# Damascus Question



## Kevin (May 12, 2015)

A blacksmithing instructor at a college in Dallas contacted me asking what I would sell my broken and no longer good band saw blades for because he teaches how to make Damascus steel. He said he's looking for blades made from 15n20. But I was under the impression that most bandsaw blades are made from 1070 carbon or something similar. I was planning to tell him he can have all my bad blades for a fair portion of Damascus blanks in return and that I am not greedy. :-) So my questions are:

1) Are there any brand of band saw blades made from 15n20 that you know of? 
2) Can Damascus be made from 1070 carbon?
3) Is there any way for me to to determine the alloy myself, like with an acid test or something?

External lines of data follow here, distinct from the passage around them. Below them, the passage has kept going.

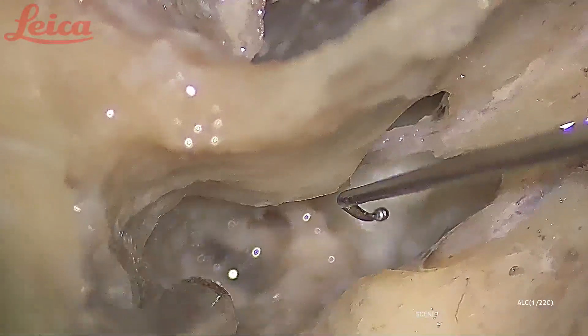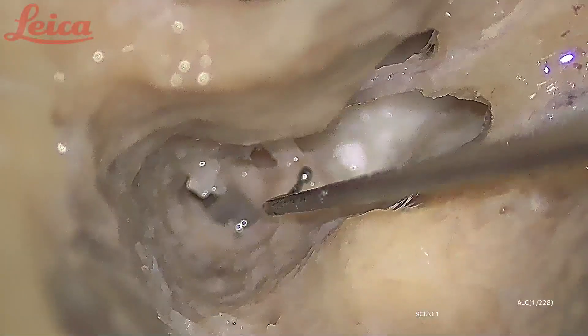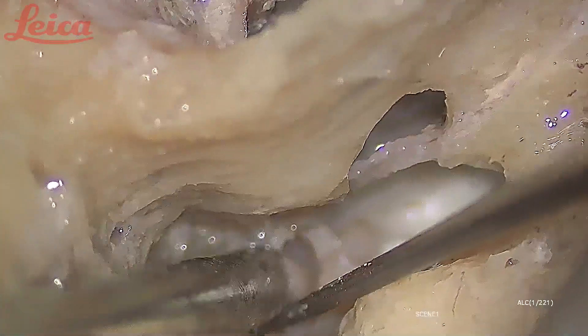This is the process cochleariformis here — that is a very good landmark, because even in chronic ears the process cochleariformis is rarely eroded; it is always consistently there and is a good landmark for the facial nerve as well. This is the tensor tendon, which attaches to the neck of the malleus. I cut the tensor tendon before removing the malleus because it is difficult to remove the malleus if the attachment is still intact.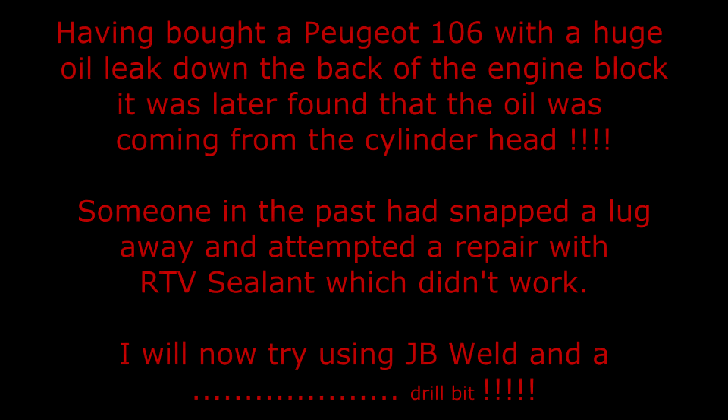Having bought a Peugeot 106 with a huge oil leak down the back of the engine block, it was later found that the oil was coming from the cylinder head. Someone in the past had snapped the lug away and attempted a repair with RTV sealant, which didn't work.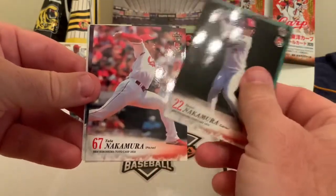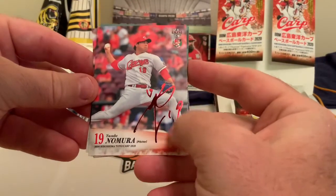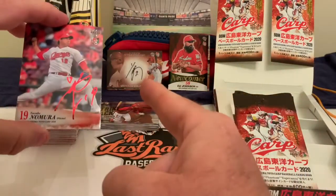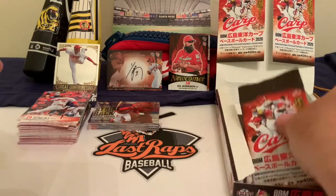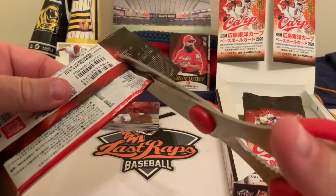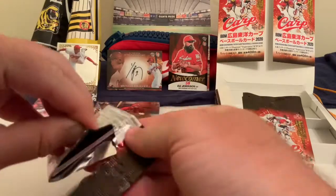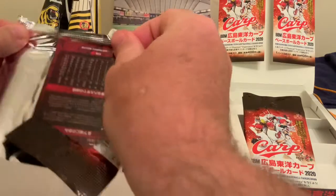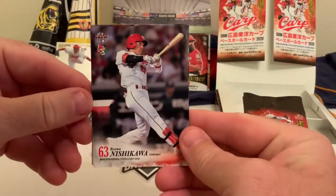We also have a Shosei Nakamura catcher card. The insert parallel with the printed autograph is something people like to collect, even though it's not a real auto like the one we have in the background. I'd assume this parallel would be a very difficult set to complete — you're probably only getting one, maybe two per box, so you'd really have to hunt for them.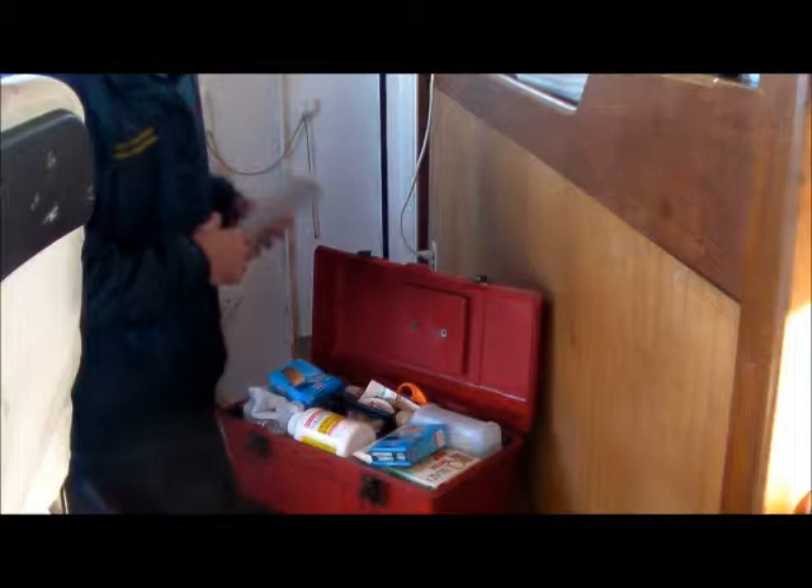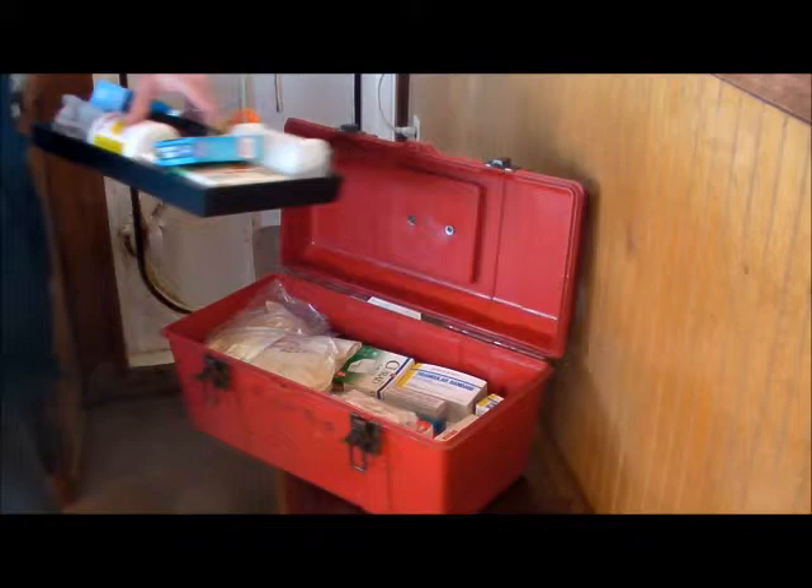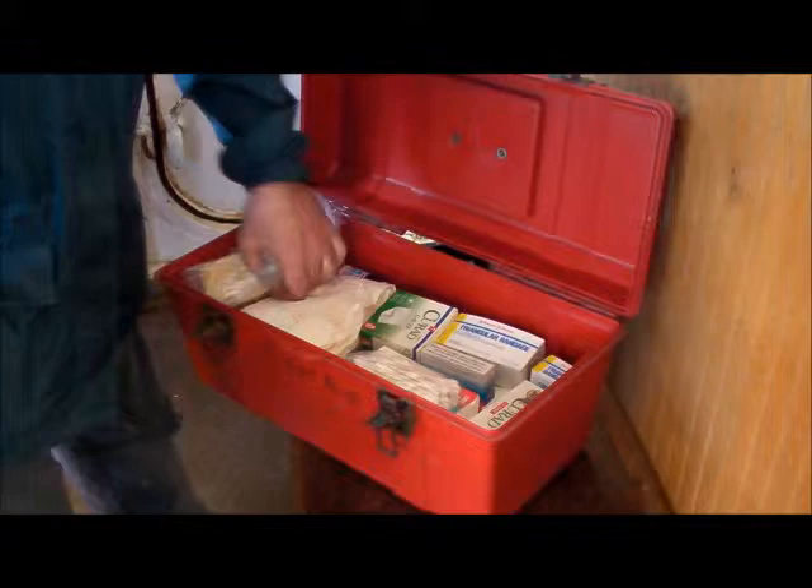As you can see with this particular kit, we have a first aid manual and a diverse supply of a lot of different equipment that you could use for just about any sort of emergency that you would encounter out there.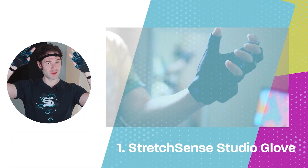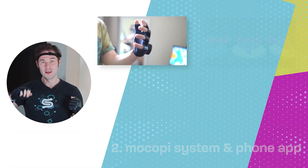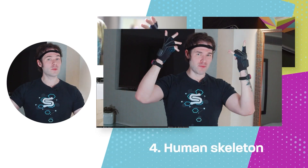So, how did I get here? Here's what you need. Number one, a pair of Stretch Sense Studio Gloves. Number two, the Mokopi system and the phone app. Number three, output software of your choice, like VMC or Unreal Engine. And number four, a living human skeleton.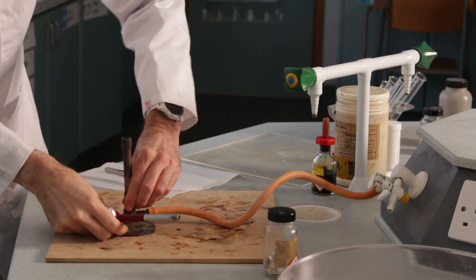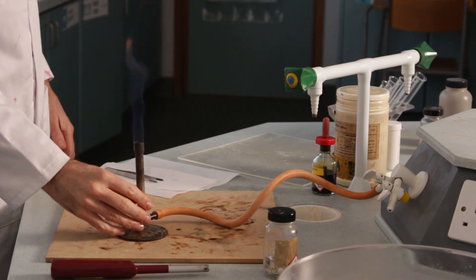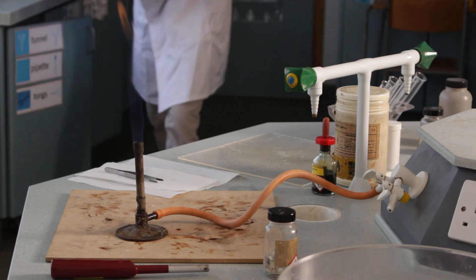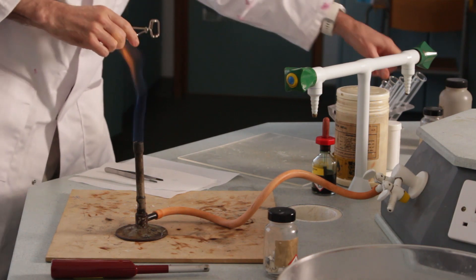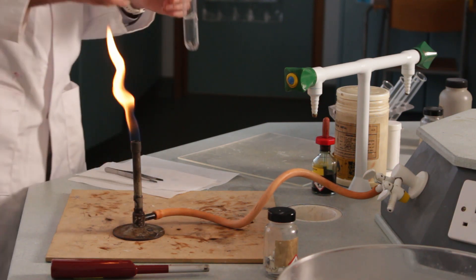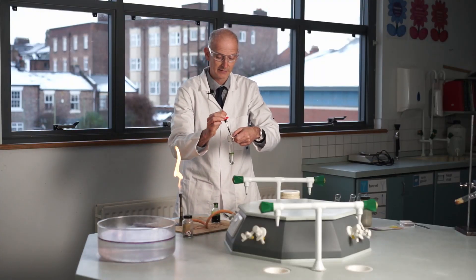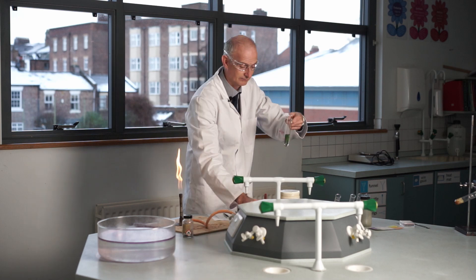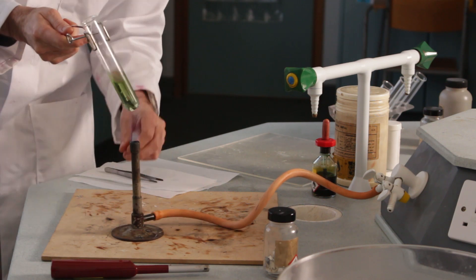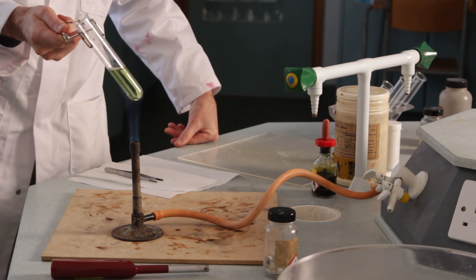So just light up a Bunsen burner. I'm going to put some indicator in this first to see if there's any sign of anything happening — it's green. We can see if we can change that by giving it a bit of a blast. Okay, so at room temperature water there's no reaction.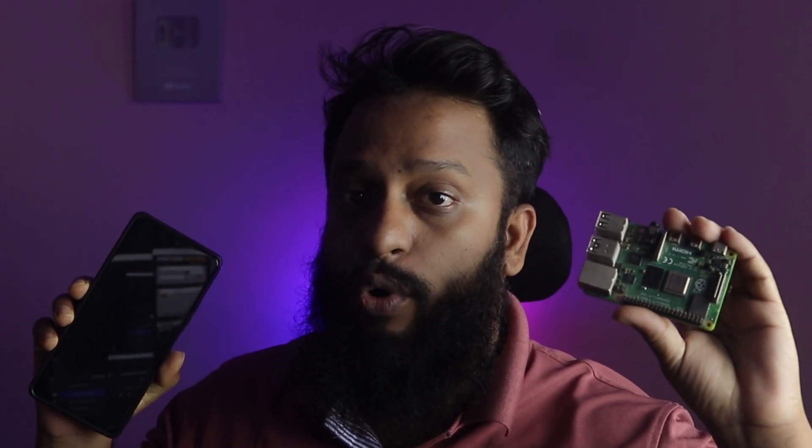Hey guys, this is Mehdi Shaqeel and you are watching SS Tech Review. In this video I'm going to show you how you can use your Android smartphone as a display for your Raspberry Pi 4 board. So without further ado let's get started. If you like this channel then please subscribe and if you have already subscribed, thank you so much.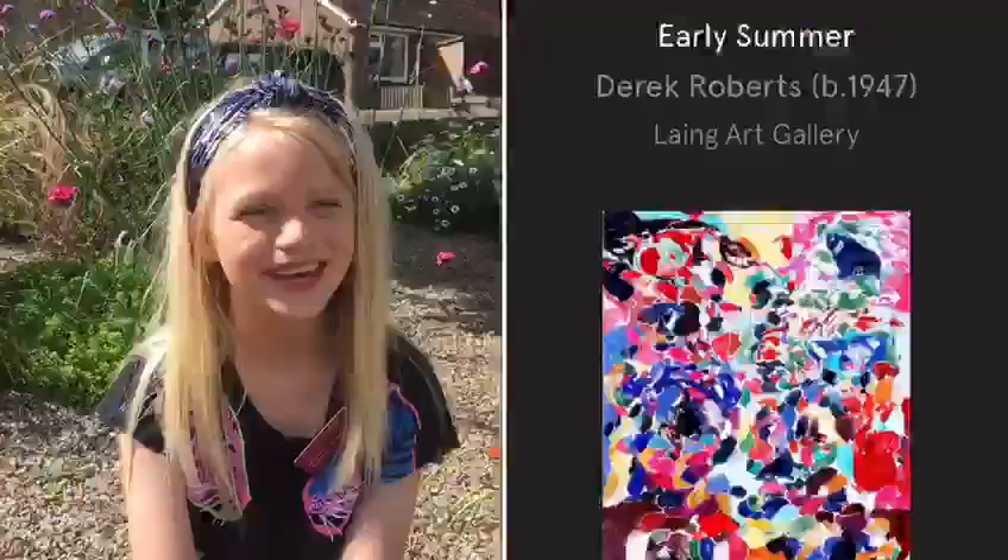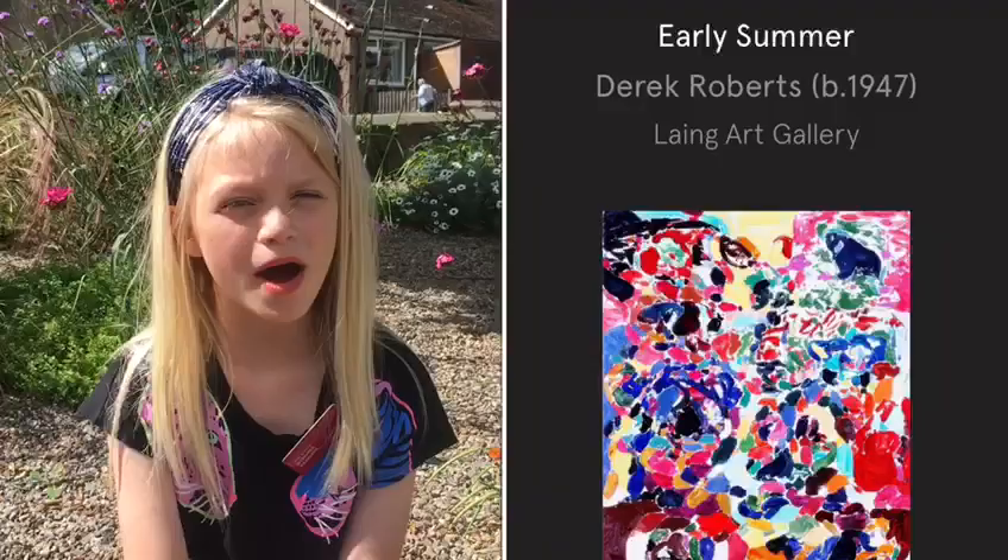Hi, I'm Grace and welcome to the 17th Little Artist Online. Today we are going to be using Early Summer by Derek Robbicks for our art inspiration, which is the Gleam tissue technique. Here's what you need.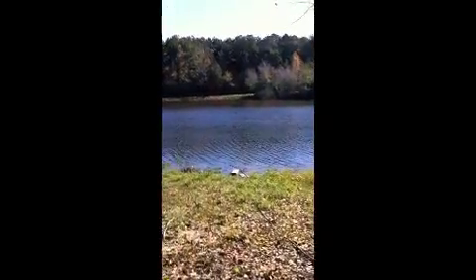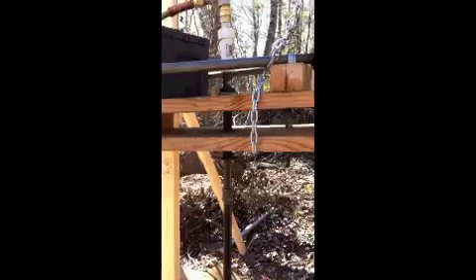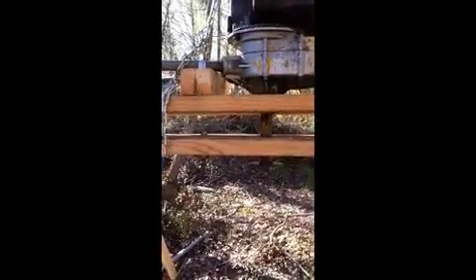I also got a bigger submersible pump — about three times bigger — which should give me a lot stronger water flow to keep the end of the drill stem clear. It may take a little while to do this, but maybe we can get going again.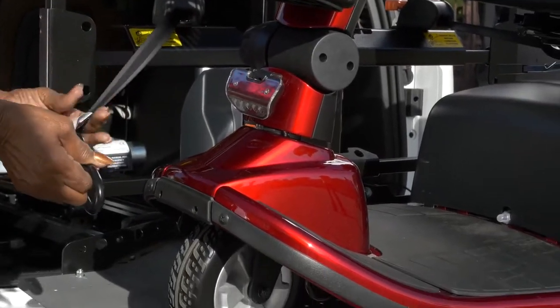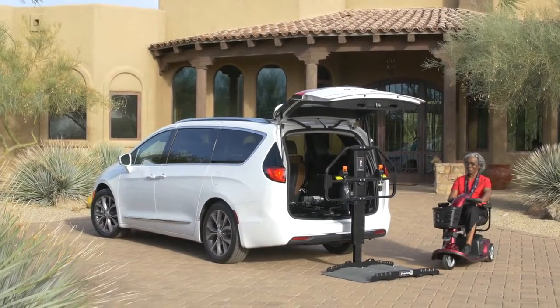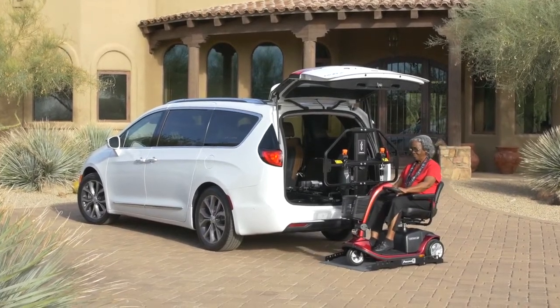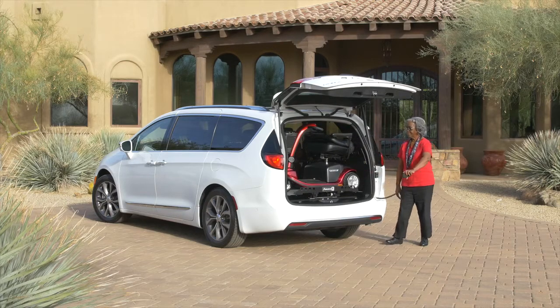If you'd like even more peace of mind, optional securement belts can be added to the barrier. There's no need to make any modifications to your scooter or power chair when using a Joey — just drive up, push a button, and your mobility device is neatly stowed inside your vehicle and away from the weather elements.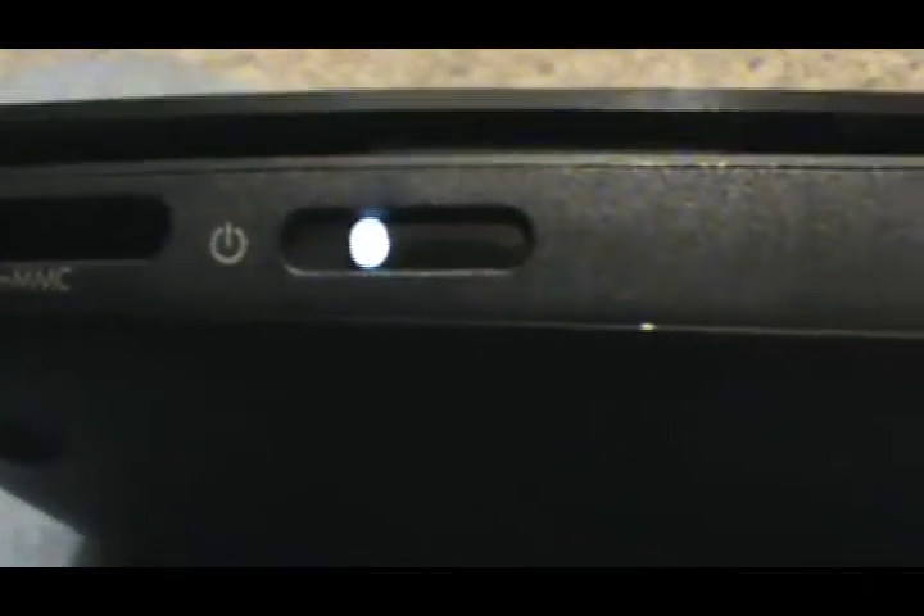SD card slot. A power indicator light — flashing means it's in sleep mode, but it's kind of ridiculous that it flashes that fast; it just keeps going in that quick of a cycle. Two more USB 2.0 ports, a lock, and a nifty little Ethernet port hidden quite well by a tab. It makes it look a lot nicer than I've seen on Asus and Acer ones, where they just leave it out.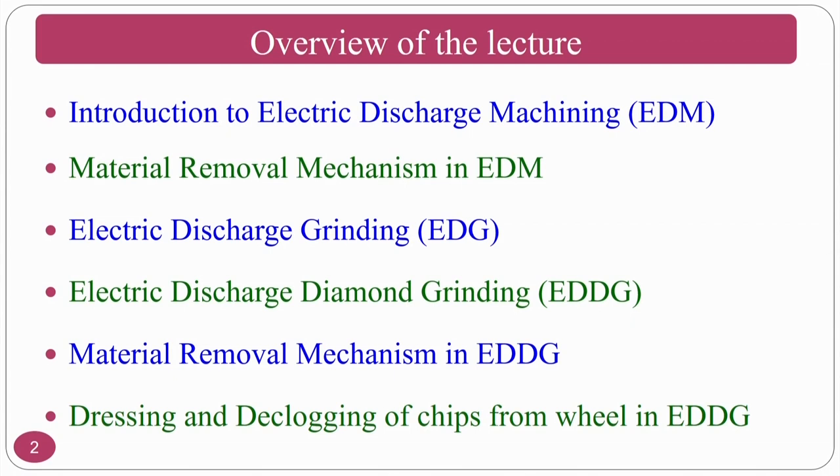We proceed to one of the advanced abrasive machining processes called electric discharge grinding and electric discharge diamond grinding. This particular process is a hybrid version of the electric discharge machining process. In this lecture, we will first cover the introduction to electric discharge machining, which we should understand as a foundation.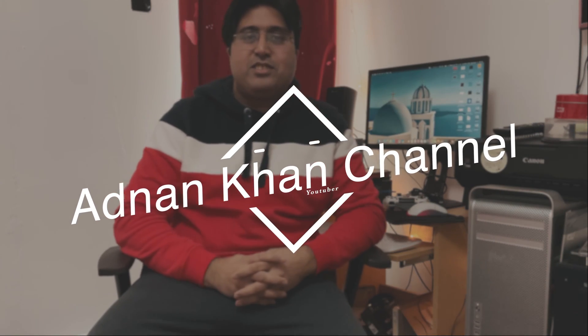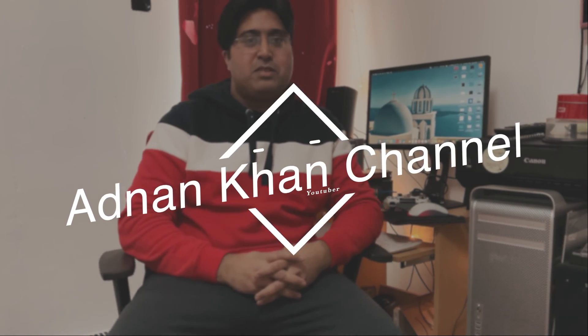Hi guys, welcome to Adnan Khan's channel and I hope you've been doing good. I'm doing fantastic as well.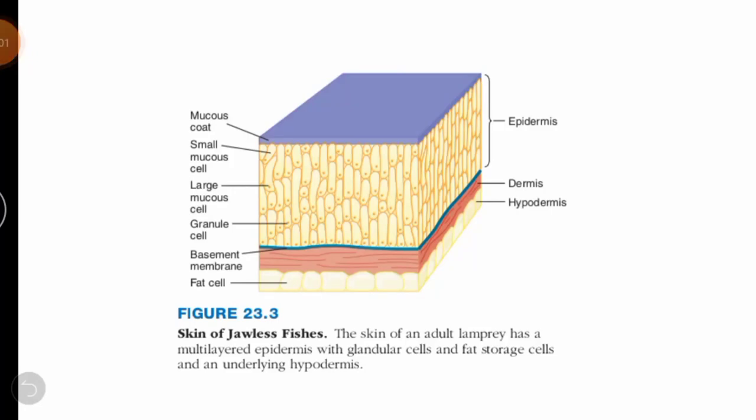This image is taken from Miller and Harley's Zoology, Chapter 23, which covers support and movement in animals. This image is specifically for jawless fishes, because there is also support and movement in jawless fishes like hagfishes and lampreys.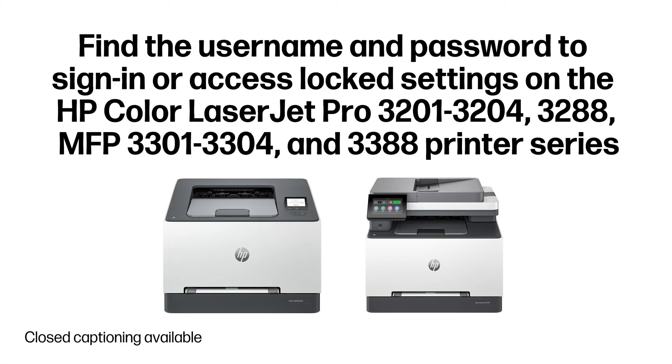Find the username and password to sign in or access locked settings on the HP Color LaserJet Pro 3201-3204, 3288, MFP 3301-3304, and 3388 Printer Series.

I called my blade supplier Robert at Kennesaw Supply and he said he thinks the Munkfors blade alloy is proprietary. I'd iagine all blade manufacturers keep that a secret wouldn't you think?


----------



## ClintW (May 12, 2015)

I have heard the BIG band mill blades are 15n20 or at least really similar. When I looked at starting making knives many people suggested using cutoff from worn out lumber mill band saw blades. The ones I saw pics of where 4-6 inches wide I would guess.


----------



## NYWoodturner (May 12, 2015)

@robert flynt sent me a piece of metal to practice grinding on that was from an old band saw blade that's like Clint described - It was about 5 or 6 inches wide. I'm sure he could answer most all your questions.


----------



## Foot Patrol (May 12, 2015)

Although I have not made damascus I would use a high carbon steel like 1080, 1084 and 15n20. I like to know what I am using and the steel is not that expensive. Just my 2 cents.


----------



## robert flynt (May 12, 2015)

I'm like, foot patrol Scott, prefer to know the steel used in the damascus I use. Was told a lot of those big blade are made with steel from a Swedish company by the Sandvic but I don't know the make up. Some of the older knifemakers used saw blade steel with good success but I always felt, know steel was cheep enough to not have to use something I wasn't sure of. You can check steel to see if it is suitable for a knife by heating it to critical temp. ( non magnetic ) plunging it in oil then put it in a vise and hit it with a hammer. If it breaks kinda like glass it should be alright, you just want know the predictable performance as with a known steel.
As far as making damascus goes you can use some low carbon steel along with high carbon steel because you will get carbon migration, high to low, in the forging process. Throw in some 15N20 which is a high nickle allow steel and you get good definition between the layers so you can see them better. Some makers use pure nickel in the layers to make it more showy. You can use 5160 ( spring steel ), 52100 (ballbearing steel ), O1, W2, and a number of alloy steels mixed with simple steels such as 1095,1080, 1084, and 1070 to make damascus. They just have to be enough difference between the layers so the pattern will show when you etch it. The different layer are different hardness, so the acid eat into the different layers at different rates except in the case cable damascus which depend solely on carbon migration to the outer layer of the individual strands of wire to show a pattern in the etch.

Reactions: Great Post 2 | Informative 3


----------